* [Work order] Your answer should be a number only: the count of lines in the following entries that contain "Premium".

* [Data to examine]
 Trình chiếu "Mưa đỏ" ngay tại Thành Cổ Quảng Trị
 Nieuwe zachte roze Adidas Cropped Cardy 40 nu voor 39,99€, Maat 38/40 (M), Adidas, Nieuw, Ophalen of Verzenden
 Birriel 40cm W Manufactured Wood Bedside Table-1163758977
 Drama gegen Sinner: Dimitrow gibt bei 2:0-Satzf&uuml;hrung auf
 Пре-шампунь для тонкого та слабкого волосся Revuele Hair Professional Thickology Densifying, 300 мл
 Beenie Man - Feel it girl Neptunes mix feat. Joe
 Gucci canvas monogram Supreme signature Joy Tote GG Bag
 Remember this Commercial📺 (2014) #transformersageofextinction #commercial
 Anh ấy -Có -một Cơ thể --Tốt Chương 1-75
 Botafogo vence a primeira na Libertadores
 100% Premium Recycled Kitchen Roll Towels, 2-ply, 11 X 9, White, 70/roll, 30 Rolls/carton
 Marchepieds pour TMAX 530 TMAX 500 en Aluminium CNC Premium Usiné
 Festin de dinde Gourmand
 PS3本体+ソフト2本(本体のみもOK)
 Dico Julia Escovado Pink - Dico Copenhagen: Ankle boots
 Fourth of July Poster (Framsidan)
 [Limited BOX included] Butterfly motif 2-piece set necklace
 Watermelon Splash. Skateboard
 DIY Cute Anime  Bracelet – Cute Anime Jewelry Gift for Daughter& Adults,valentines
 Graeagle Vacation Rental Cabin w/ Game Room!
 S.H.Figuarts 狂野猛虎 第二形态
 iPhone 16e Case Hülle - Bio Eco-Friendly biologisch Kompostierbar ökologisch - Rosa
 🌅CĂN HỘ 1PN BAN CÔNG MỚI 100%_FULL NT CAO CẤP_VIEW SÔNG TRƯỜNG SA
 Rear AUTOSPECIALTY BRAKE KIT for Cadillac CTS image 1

* [Answer to the problem] 2